M. le président. La parole est à M. Henri Cabanel. (Applaudissements sur les travées du groupe socialiste et républicain.)

M. Henri Cabanel. Monsieur le président, monsieur le ministre, mesdames, messieurs les rapporteurs, mes chers collègues, permettez-moi de saluer la méthode et l’organisation des États généraux de l’alimentation, qui ont eu le mérite de mettre tous les acteurs du monde agricole, des producteurs jusqu’à la distribution, autour d’une même table, afin de dresser un constat. Ils ont peut-être aussi permis à chacun de comprendre l’autre pour préserver ensemble une agriculture française de qualité.

Monsieur le ministre, lors de la présentation de ce projet de loi en conseil des ministres, vous avez développé trois axes : assurer la souveraineté alimentaire ; promouvoir des choix alimentaires au service de la santé ; réduire les inégalités d’accès à une alimentation de qualité et durable.

Assurer la souveraineté alimentaire, c’est être certain que demain il y aura suffisamment d’agriculteurs qui pourront vivre de leur métier.

Promouvoir des choix alimentaires en termes de santé, c’est avoir une volonté de changer de paradigme, c’est prévenir au lieu de guérir.

Réduire les inégalités d’accès à une alimentation saine et durable, c’est poursuivre le chemin tracé par Stéphane Le Foll, entamé dans la loi d’avenir vers l’agroécologie, qui doit devenir un modèle agricole.

Le titre Ier du texte a pour ambition de redonner de la valeur au travail des agriculteurs, de donner aux organisations professionnelles les moyens d’exercer toutes leurs responsabilités pour la prise en compte des indicateurs des coûts de production et la construction du prix de vente. C’est une excellente chose, mais les coûts de production peuvent varier pour la même filière d’une région à l’autre. C’est pourquoi nous vous proposerons de prendre l’Observatoire de la formation des prix et des marges comme garant.
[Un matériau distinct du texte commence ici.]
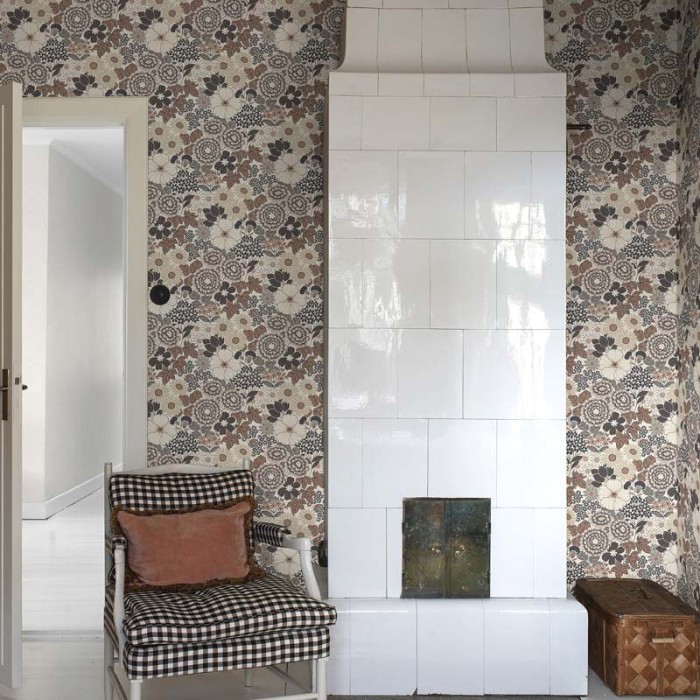 Borastapeter|Papel pintado blanco y marrón flores florecientes y hojas|Papel Pintado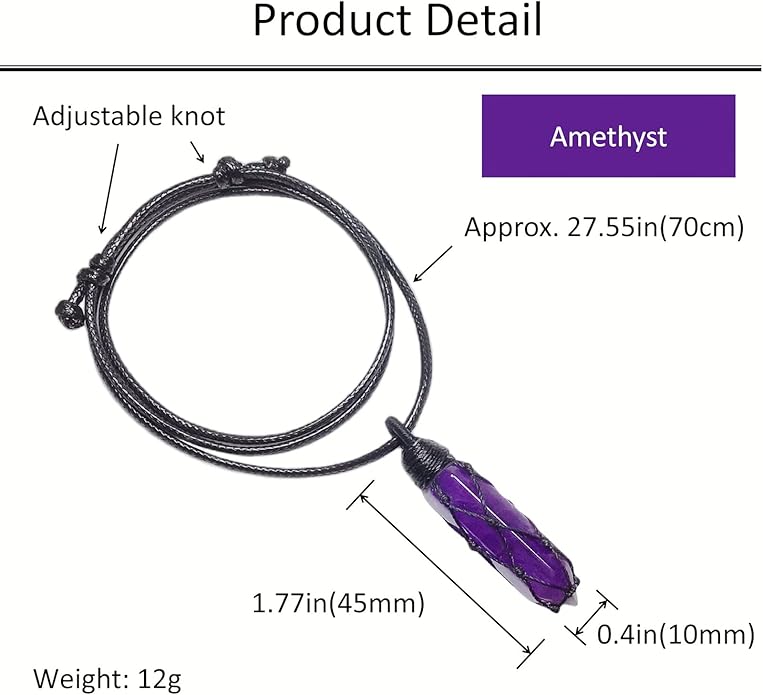 EDEN'S CALL Hexagonal Crystal Point Pendant Necklace for Unisex Adjustable Dainty Natural Stone Pendulum Amulet for Good Luck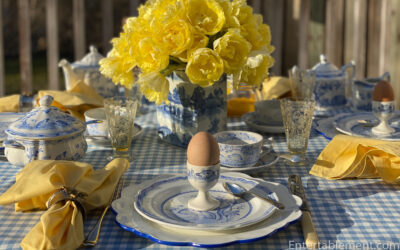 Quail Blue with Yellow Peony Tulips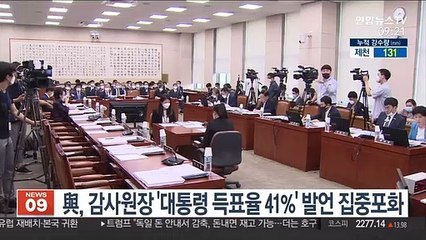 與, 감사원장 '대통령 득표율 41%' 발언 집중포화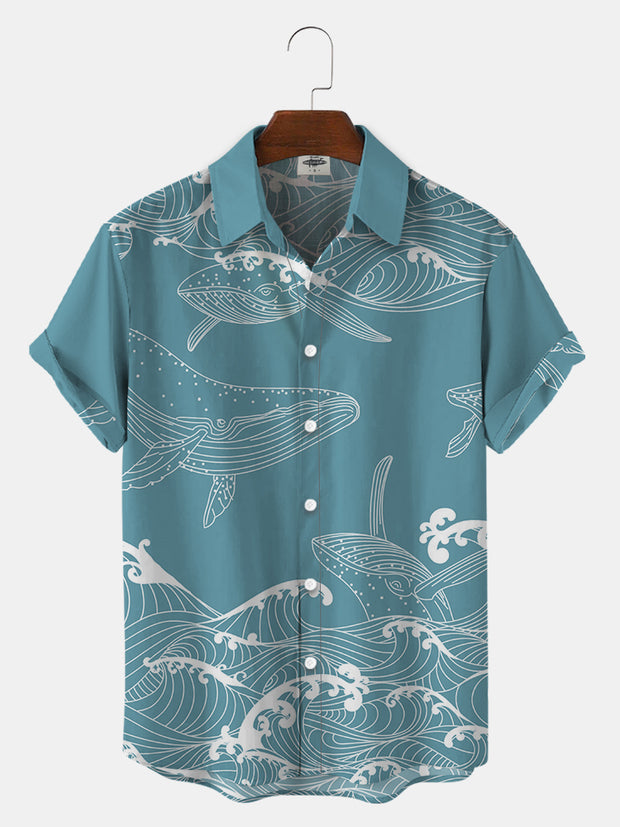Men'S Waves And Whales Print Shirts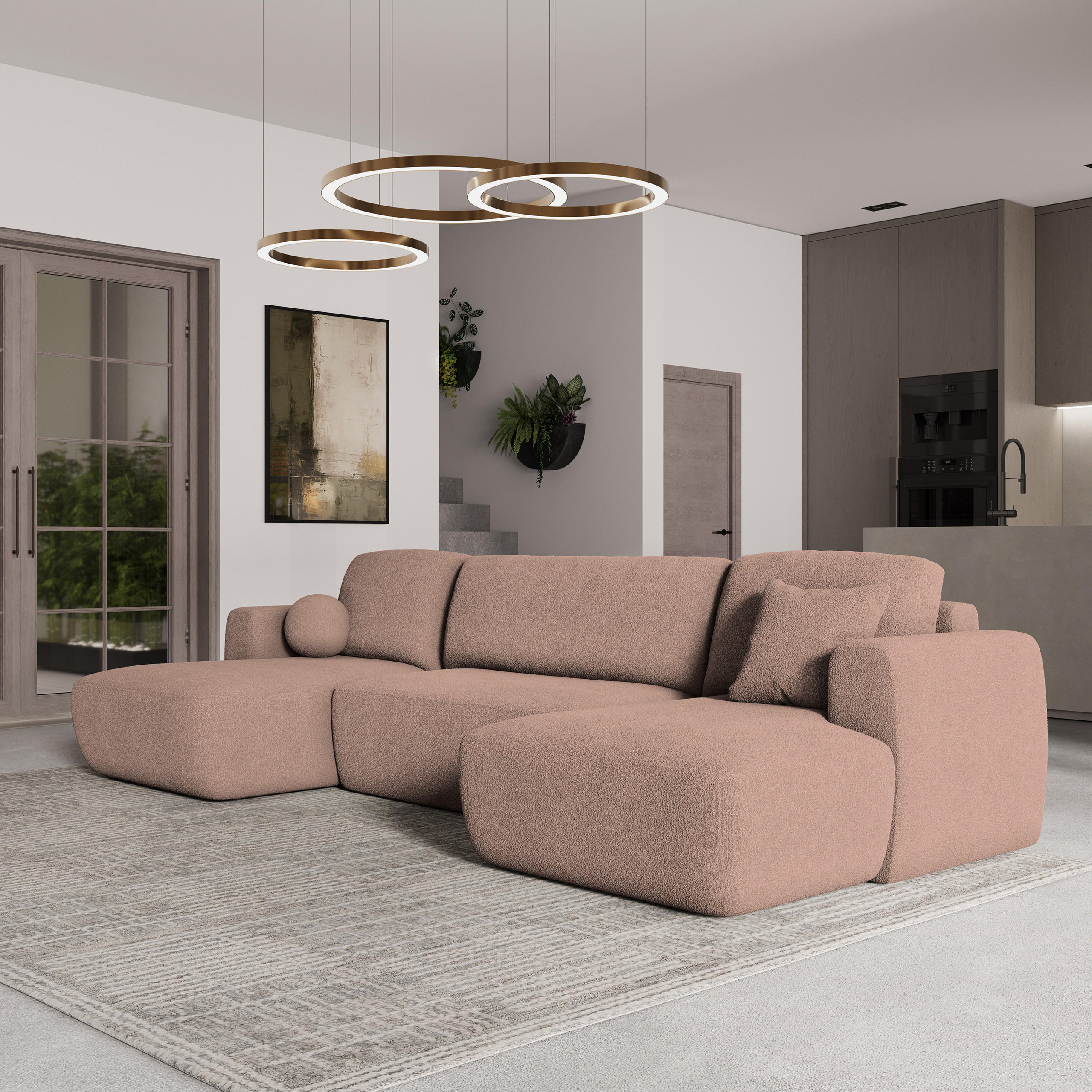 WOHNLANDSCHAFT SENTUM N Rosa Boucle-Stoff mit Schlaffunktion - Rosa, Holz (330/90/148cm) - MASSENO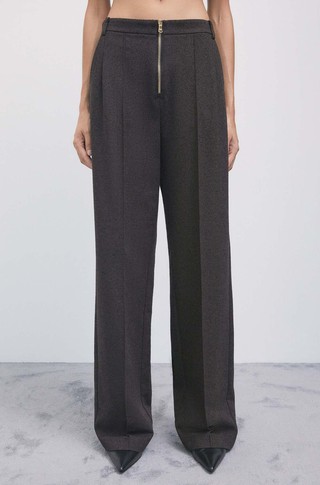 Structured bouclé palazzo pants with zip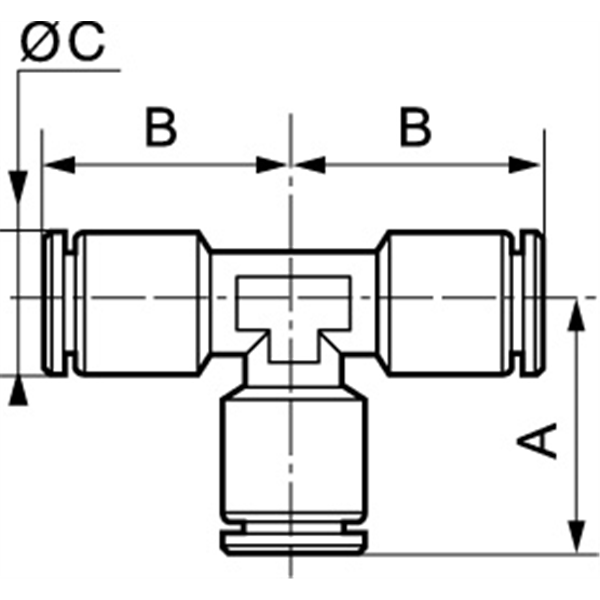 Raccord instantané métallique forme T pour tube extérieur 12 mm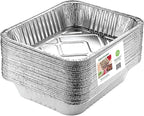 FUNSTITUTION Aluminum Foil Pans 9x13 (30 Pack) - Disposable Aluminum Baking Pans With High Heat Conductivity For Grilling, Cooking, Storing, Prepping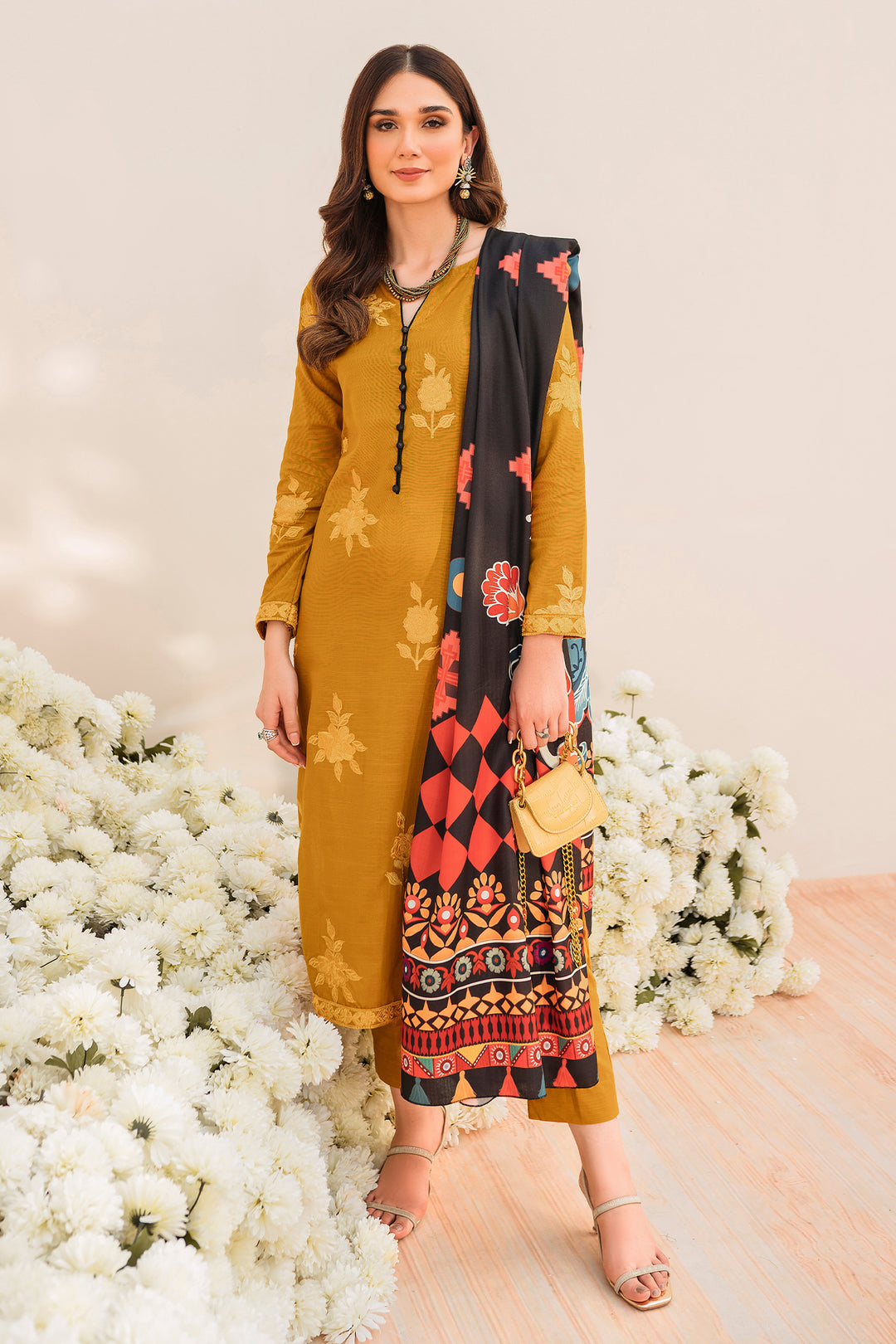 PRINTED KHADDAR STITCHED 3 PIECE DRESS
Les organisations professionnelles doivent être suffisamment représentatives pour assurer les lourdes tâches qui leur seront attribuées dans la négociation avec les transformateurs et les distributeurs, qui, eux, ne manquent pas d’expertise dans ce domaine. Nous vous proposerons d’élargir l’expérimentation des contrats tripartites pour que chacun puisse être payé dignement, mais surtout en toute transparence.

L’encadrement des promotions est une bonne chose, comme le relèvement du seuil de vente à perte, fixé à 10 %.

Monsieur le ministre, nous savons tous la responsabilité des acteurs de la grande distribution dans la stratégie de guerre des prix incessante à laquelle ils se livrent depuis longtemps et qui a mis à genoux une grande partie de notre agriculture.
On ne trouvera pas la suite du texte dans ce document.